> [Dataset entries]:
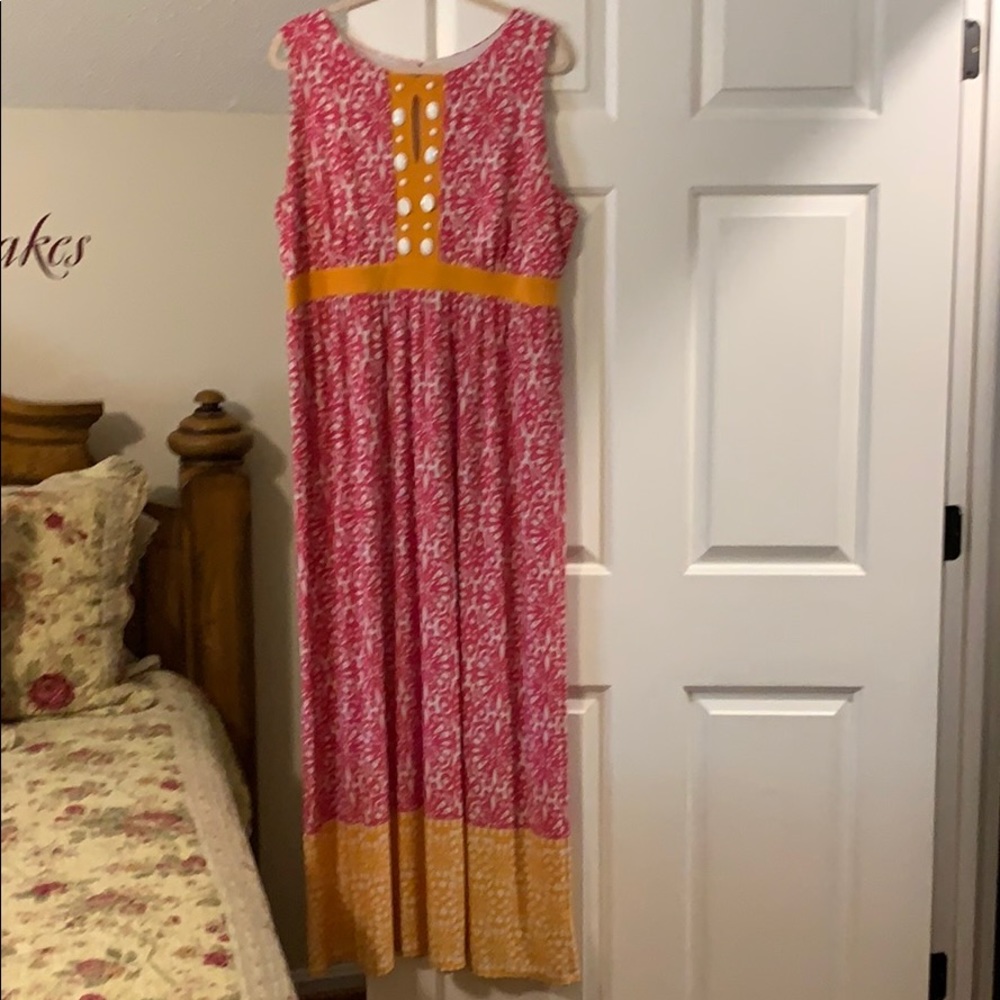 This dress has been worn just a couple of times.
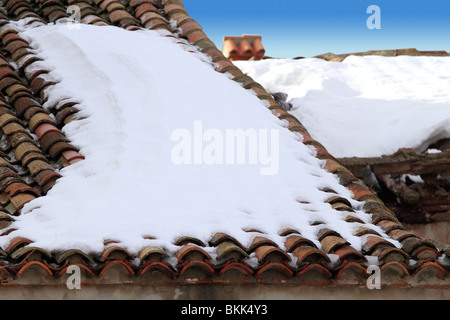 Età di argilla tegole del tetto nevicato sotto la neve dettagli dell'architettura Foto Stock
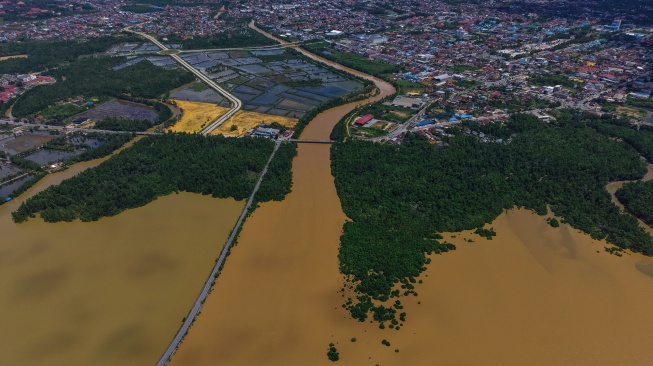Foto udara aliran kali Wanggu dengan kondisi air berwarna cokelat keruh memasuki Teluk Kendari, Kota Kendari, Sulawesi Tenggara, Rabu (13/5/2026). [ANTARA FOTO/Andry Denisah/agr]
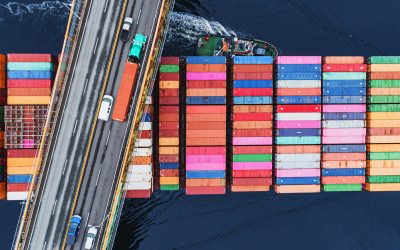 A container ship passes beneath a suspension bridge as it departs for Europe.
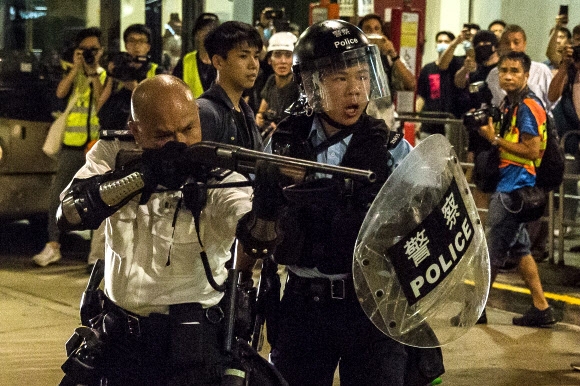 지난 주말 ‘범죄인 인도 법안’(송환법) 반대 시위 참가자 중 일부가 폭동죄로 기소된다는 소식에 분노한 수백 명의 홍콩 시민들이 30일 시위 참가자들을 구금 중인 콰이청 경찰서 앞에서 항의 시위를 벌이자 경찰이 산탄총처럼 보이는 총으로 시위대를 겨냥하고 있다. 폭동 혐의가 적용되면 최고 10년 징역형을 받을 수 있어 큰 파문이 예상된다. 홍콩 AFP 연합뉴스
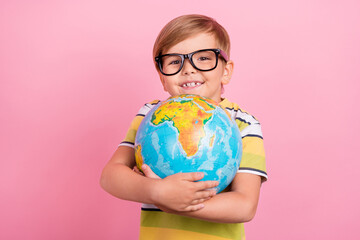 Photo of little happy cheerful boy hands hold globe lesson education lesson isolated on pink color background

> [Work required]: There should be an exact restatement of the lines from the line with "지난 주말 ‘범죄인 인도" through the last line of the entries above, and no pictures in it.

> [Response box]:
 지난 주말 ‘범죄인 인도 법안’(송환법) 반대 시위 참가자 중 일부가 폭동죄로 기소된다는 소식에 분노한 수백 명의 홍콩 시민들이 30일 시위 참가자들을 구금 중인 콰이청 경찰서 앞에서 항의 시위를 벌이자 경찰이 산탄총처럼 보이는 총으로 시위대를 겨냥하고 있다. 폭동 혐의가 적용되면 최고 10년 징역형을 받을 수 있어 큰 파문이 예상된다. 홍콩 AFP 연합뉴스
 Photo of little happy cheerful boy hands hold globe lesson education lesson isolated on pink color background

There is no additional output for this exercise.